Critical Accounting Estimates

The preparation of Entergy’s financial statements in conformity with generally accepted accounting principles requires management to apply appropriate accounting policies and to make estimates and judgments that can have a significant effect on reported financial position, results of operations, and cash flows.  Management has identified the following accounting policies and estimates as critical because they are based on assumptions and measurements that involve a high degree of uncertainty, and the potential for future changes in these assumptions and measurements could produce estimates that would have a material effect on the presentation of Entergy’s financial position, results of operations, or cash flows.

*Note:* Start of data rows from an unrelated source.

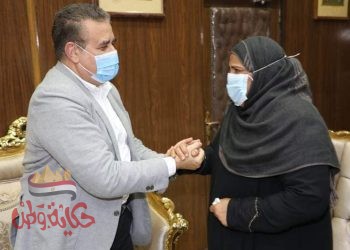 محافظ المنوفية يسدد ديون عاملة نظافة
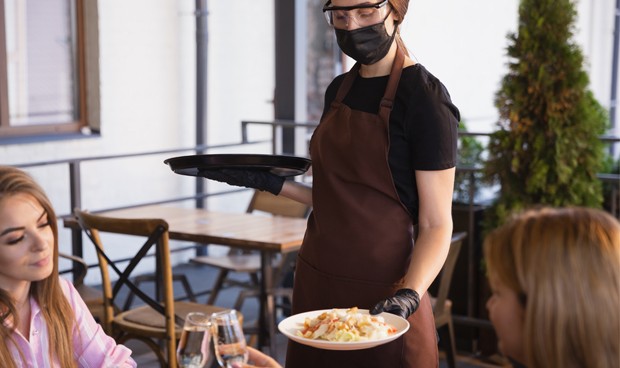 Covid | ¿Es seguro quitarse la mascarilla en un restaurante cerrado?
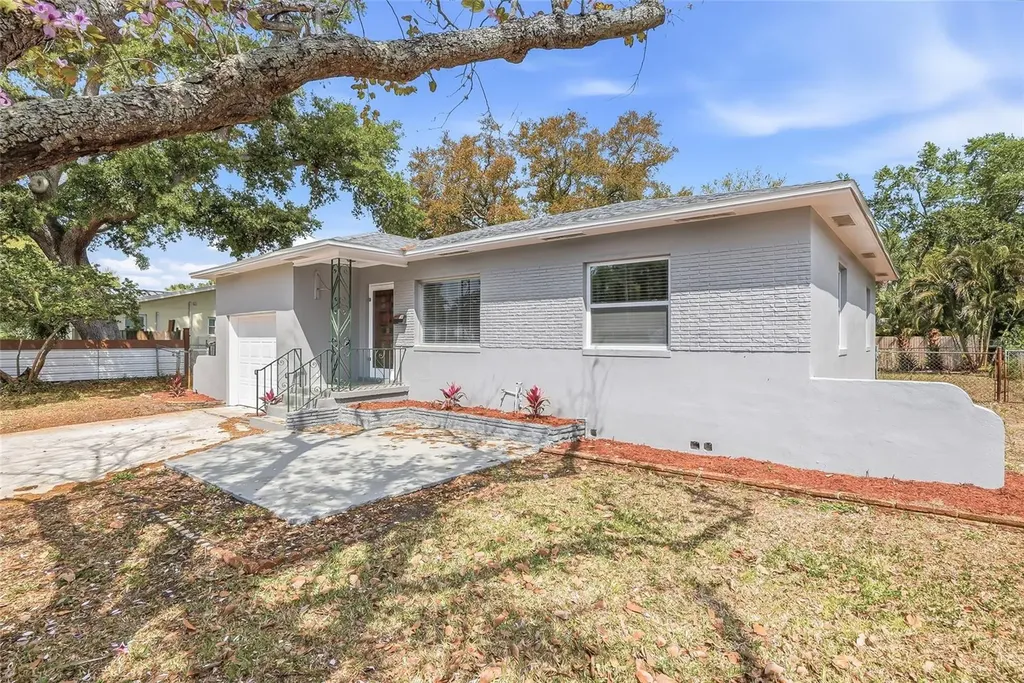 7125 5th Avenue N St Petersburg FL 33710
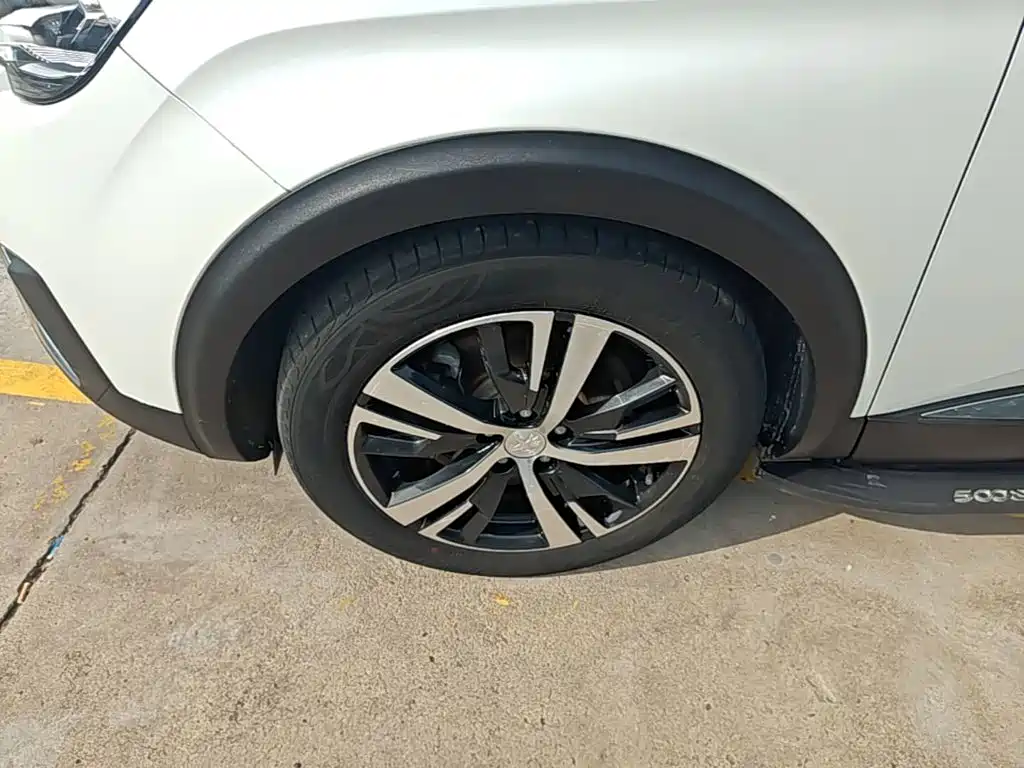 Peugeot 5008 — миниатюра 23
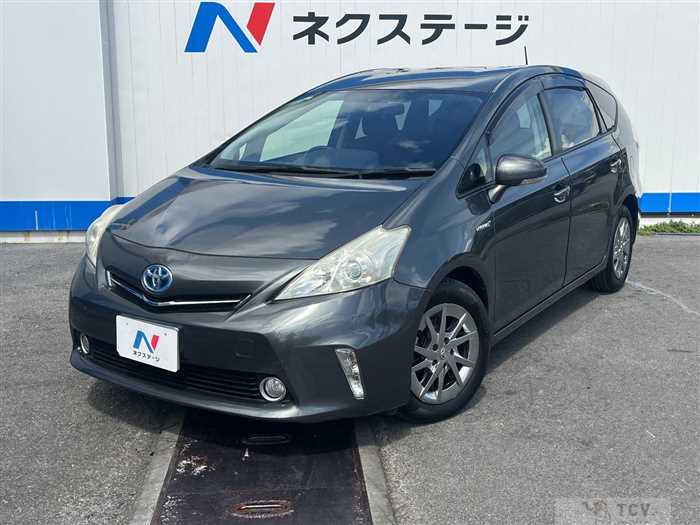 2013 Toyota PRIUS α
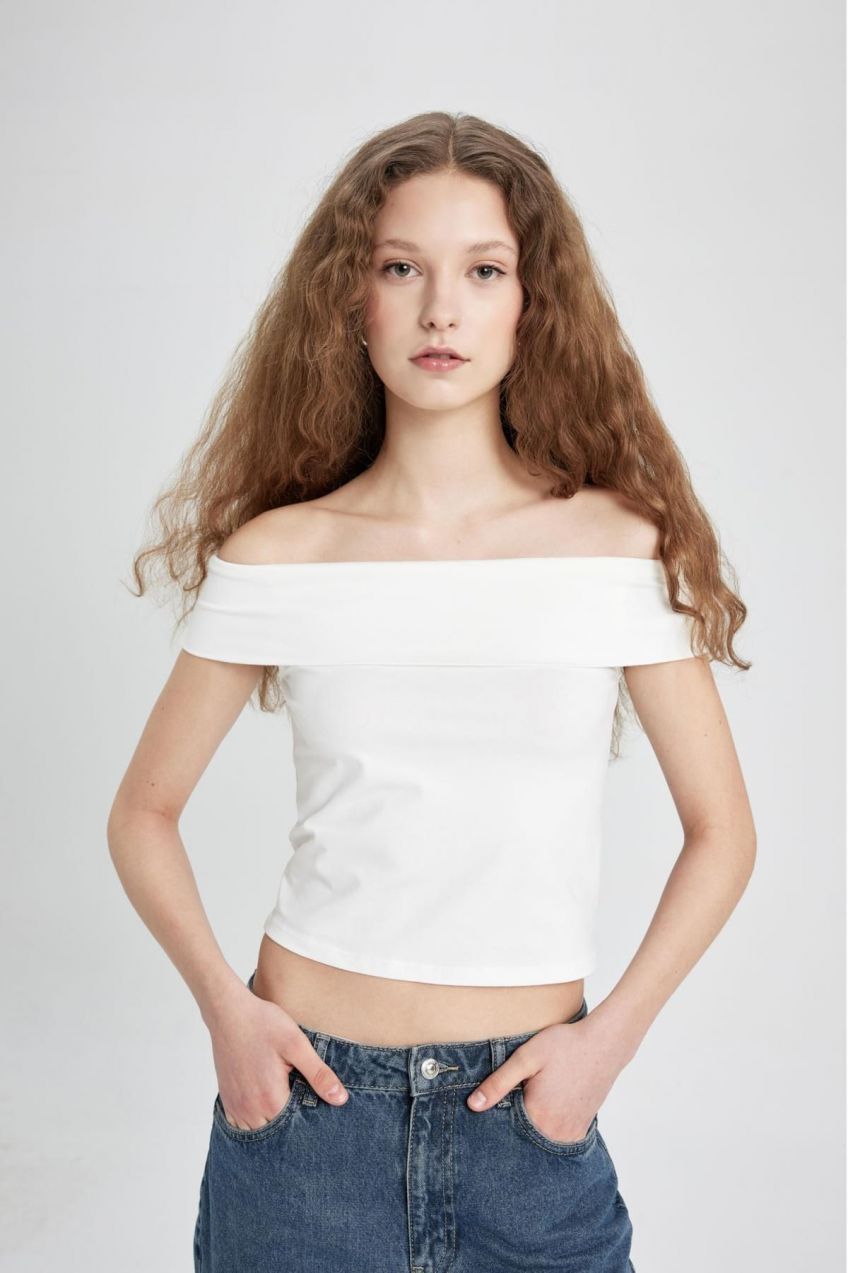 DEFACTO Fitted Off Shoulder Short Sleeve T-Shirt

Nuclear Decommissioning Costs

Entergy subsidiaries own nuclear generation facilities in both the Utility and Entergy Wholesale Commodities business units.  Regulations require Entergy subsidiaries to decommission the nuclear power plants after each facility is taken out of service, and money is collected and deposited in trust funds during the facilities’ operating lives in order to provide for this obligation.  Entergy conducts periodic decommissioning cost studies to estimate the costs that will be incurred to decommission the facilities.  The following key assumptions have a significant effect on these estimates.

·  
Cost Escalation Factors - Entergy’s current decommissioning cost studies include an assumption that decommissioning costs will escalate over present cost levels by factors ranging from approximately 2.0% to 3.25%.  A 50 basis point change in this assumption could change the estimated present value of the decommissioning liabilities by approximately 10% to 18%.  To the extent that a high probability of license renewal is assumed, a change in the estimated inflation or cost escalation rate has a larger effect on the undiscounted cash flows because the rate of inflation is factored into the calculation for a longer period of time.
·  
Timing - In projecting decommissioning costs, two assumptions must be made to estimate the timing of plant decommissioning.  First, the date of the plant’s retirement must be estimated.  A high probability that the plant’s license will be renewed and the plant will operate for some time beyond the original license term has currently been assumed for purposes of calculating the decommissioning liability for a number of Entergy’s nuclear units.  Second, an assumption must be made whether decommissioning will begin immediately upon plant retirement, or whether the plant will be held in SAFSTOR status for later decommissioning, as permitted by applicable regulations.  SAFSTOR is decommissioning a facility by placing it in a safe, stable condition that is maintained until it is subsequently decontaminated and dismantled to levels that permit license termination, normally within 60 years from permanent cessation of operations.  While the effect of these assumptions cannot be determined with precision, a change of assumption of either the probability of license renewal, continued operation,  or use of a SAFSTOR period can possibly change the present value of these obligations.  Future revisions to appropriately reflect changes needed to the estimate of decommissioning costs will immediately affect net income for non-rate-regulated portions of Entergy’s business, and then only to the extent that the estimate of any reduction in the liability exceeds the amount of the undepreciated asset retirement cost at the date of the revision.  Any increases in the liability recorded due to such changes are capitalized as asset retirement costs and depreciated over the asset’s remaining economic life.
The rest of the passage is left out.